Justices to Decide if Courts Can Order Discovery for Foreign Arbitration

The high court will resolve a circuit split over whether U.S. courts are allowed to compel discovery for use in arbitration proceedings based in another country.

The U.S. Supreme Court. (AP Photo/J. Scott Applewhite)

WASHINGTON (CN) — The U.S. Supreme Court agreed Monday to weigh in on district courts’ authority to order discovery for foreign arbitration in international business disputes.

The underlying case between Servotronics Inc. and Rolls-Royce PLC started in early 2016 following an engine tailpipe fire that occurred at a Boeing aircraft testing facility during a demonstration and test flight. Rolls-Royce manufactured the affected engine, designed for a Boeing 787-9 Dreamliner, while Servotronics manufactured a metering valve component installed in the engine.

The fire caused $12 million in damages to the tested aircraft and Rolls-Royce settled with an insurance provider to cover the cost, but the British company sought repayment from New York-based Servotronics, blaming it for the incident. The two parties entered arbitration in England and while things started smoothly, Servotronics alleged that Rolls-Royce and Boeing withheld certain documents during the arbitration’s discovery phase. 

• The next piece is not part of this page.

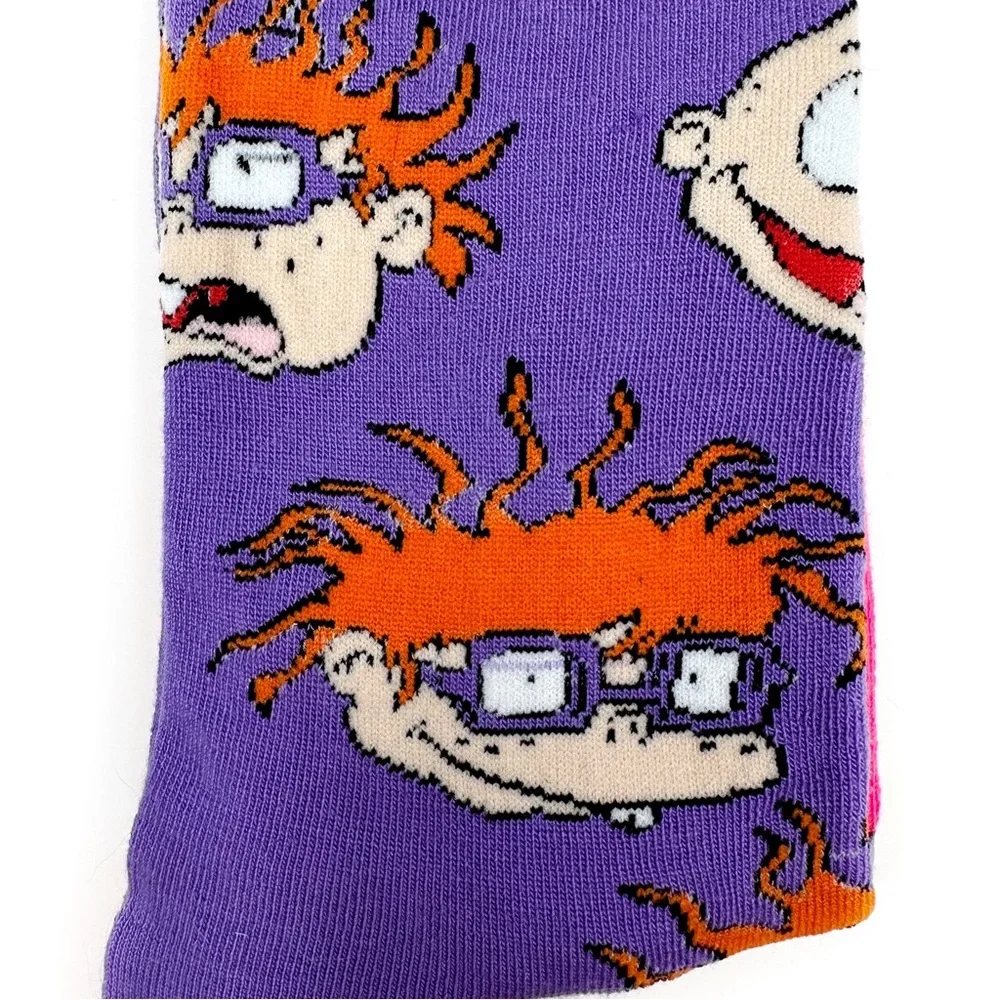 Rugrats Crew Socks Mens Womens Tommy Chuckie Cynthia Nickelodeon Purple Pink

The lack of document production led the U.S. manufacturer to file a claim under a federal statute known as Section 1782, a more than 150-year-old law that governs how federal courts force the gathering of evidence in international disputes. A judge in the Northern District of Illinois OK’d the discovery request but the Seventh Circuit granted Rolls-Royce’s motion to quash. 

The Chicago-based appeals court’s ruling is in line with some sister courts like the Second and Fifth Circuits, but the Fourth and Sixth Circuits have held the opposite, leading to a circuit split Servotronics hopes to see resolved at the Supreme Court.

“The stark division in interpretation of Section 1782 and the uncertainty it engenders have been brought into sharp relief in the two circuit court opinions rendered by the Fourth and Seventh Circuits in connection with a single arbitration pending before an English arbitral tribunal to which petitioner is a party,” attorney Stephen R. Stegich with the New York-based Condon & Forsyth wrote in Servotronics’ petition to the high court. 

The heart of this dispute, Stegich argued in the request for certiorari, lies with a 1964 edit to Section 1782 which swapped “in any judicial proceeding pending in any court in a foreign country” with the “significantly broader” phrase “in a proceeding in a foreign or international tribunal.” 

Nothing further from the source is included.